* **Materials provided**
------------------------------------
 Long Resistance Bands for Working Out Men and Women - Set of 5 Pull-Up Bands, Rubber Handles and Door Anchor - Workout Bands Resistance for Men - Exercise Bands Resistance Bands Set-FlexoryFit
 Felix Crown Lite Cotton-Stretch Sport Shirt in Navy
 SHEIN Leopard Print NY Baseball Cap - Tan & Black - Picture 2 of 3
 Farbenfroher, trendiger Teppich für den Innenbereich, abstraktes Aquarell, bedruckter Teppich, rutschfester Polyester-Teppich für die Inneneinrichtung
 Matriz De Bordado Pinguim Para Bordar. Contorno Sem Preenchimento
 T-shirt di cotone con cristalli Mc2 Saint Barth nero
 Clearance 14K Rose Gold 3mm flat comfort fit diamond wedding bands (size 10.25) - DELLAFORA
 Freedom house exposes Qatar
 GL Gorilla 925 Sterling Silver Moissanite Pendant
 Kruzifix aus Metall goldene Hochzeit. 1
------------------------------------
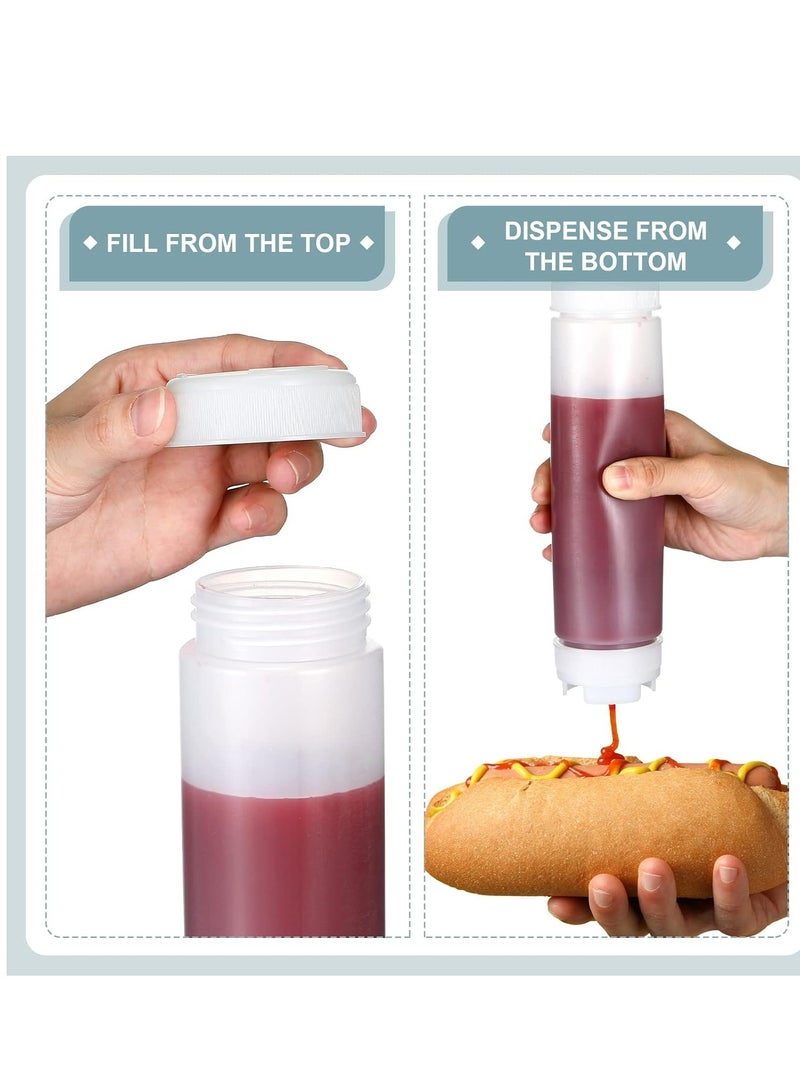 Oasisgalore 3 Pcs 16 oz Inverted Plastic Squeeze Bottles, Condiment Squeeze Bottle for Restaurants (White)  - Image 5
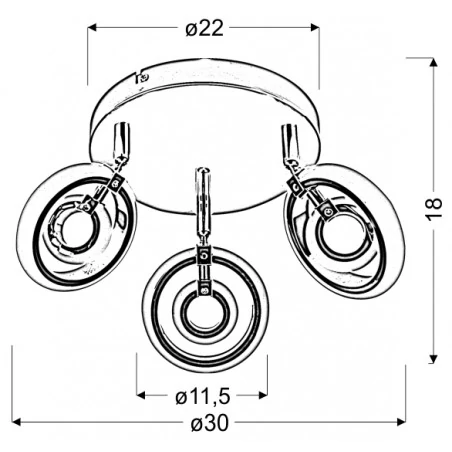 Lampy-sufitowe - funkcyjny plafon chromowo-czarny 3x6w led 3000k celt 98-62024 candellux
------------------------------------
* **Instructions to follow**
Since only part of the listing is wanted, copy exactly the lines from the one holding "SHEIN Leopard Print" to the one holding "Kruzifix aus Metall goldene Hochzeit. 1", both included.

* **Response for this exercise**
 SHEIN Leopard Print NY Baseball Cap - Tan & Black - Picture 2 of 3
 Farbenfroher, trendiger Teppich für den Innenbereich, abstraktes Aquarell, bedruckter Teppich, rutschfester Polyester-Teppich für die Inneneinrichtung
 Matriz De Bordado Pinguim Para Bordar. Contorno Sem Preenchimento
 T-shirt di cotone con cristalli Mc2 Saint Barth nero
 Clearance 14K Rose Gold 3mm flat comfort fit diamond wedding bands (size 10.25) - DELLAFORA
 Freedom house exposes Qatar
 GL Gorilla 925 Sterling Silver Moissanite Pendant
 Kruzifix aus Metall goldene Hochzeit. 1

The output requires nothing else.